Last week our cross-sector earnings index, the ClarkSea, recorded its biggest ever weekly percentage move (23% to $20,096/day), and this week we have another record, including the biggest absolute increase (55% to $31,207/day). The current spike is very much tanker driven (VLCCs: $307,888/day!) and this week’s Analysis discusses the background, previous spikes, and some of the longer term trends.
Tanker Take Off…
The main driver behind the dramatic ClarkSea jump has of course been the tanker market, with the tanker element of our ClarkSea Index up 323% over two weeks to $80,255/day, exceeding the previous all-time high of November 2007. Our average VLCC spot earnings series has moved even more spectacularly, up 516% from $50,002/day to $307,888/day!
Chartering Confusion…
For some time, our tanker market supply and demand projections have been “encouraging”, with 5% tonne-mile demand growth projected for next year (“boosted” by IMO 2020 changes to refinery throughput and oil product trading patterns) alongside 2% fleet growth (further reduced by crude tankers in repair yards being retrofitted for a scrubber, 2% at end September; see SIN, Oil & Tanker Trades Outlook and our latest IMO 2020 Impact Assessment due to be released soon for further details on these trends). So, heading into the seasonally strong winter, there were some building blocks for an improving tanker market.
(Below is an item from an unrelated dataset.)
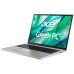 Ноутбук Acer Aspire Vero AV16-51P (NX.KV7EU.003)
But as widely reported, it has been the impact of US sanctions on selected subsidiaries of the world’s largest (3.8% of global tonnage) shipping group and largest (3% of tonnage) oil tanker group that has sent the market into a frenzied scramble to secure tonnage. Further reports of other sanction-related chartering clauses related to Venezuela have added to the confusion, creating additional ingredients for this spike and the bullish position of owners. The market is now also trying to digest the news of another Middle East tanker attack. A major Japanese typhoon has also added disruption.
Previous Spikes…
The previous four biggest weekly moves in the ClarkSea all took place in 2007 and 2008, three driven by the tanker market and one by the bulkcarrier sector. One of these previous spikes took place in early December 2007, when an already tight market was “turbo-charged” by demand for double hull tankers following a Korean oil tanker spill (VLCCs jumped from $120,000/day to $230,000/day in a week) and the Clarksea Index actually reached its highest ever level of $50,714/day. To get to those sort of levels, the tanker market would need much more support from Bulkers, Containers and Gas (although VLGCs have had a positive 2019, with earnings at the highest level since 2015).
Underlying Trends…
Aside from this recent frenzy, the ClarkSea has been making broader steadier progress, up for five consecutive months for the first time in a decade and trending up year-on-year since 2016. That seems mundane compared to the past two weeks but perhaps more comforting in the longer term. Have a nice day and, if you can, enjoy the spike!
The author of this feature article is Stephen Gordon. Any views or opinions presented are solely those of the author and do not necessarily represent those of the Clarksons group.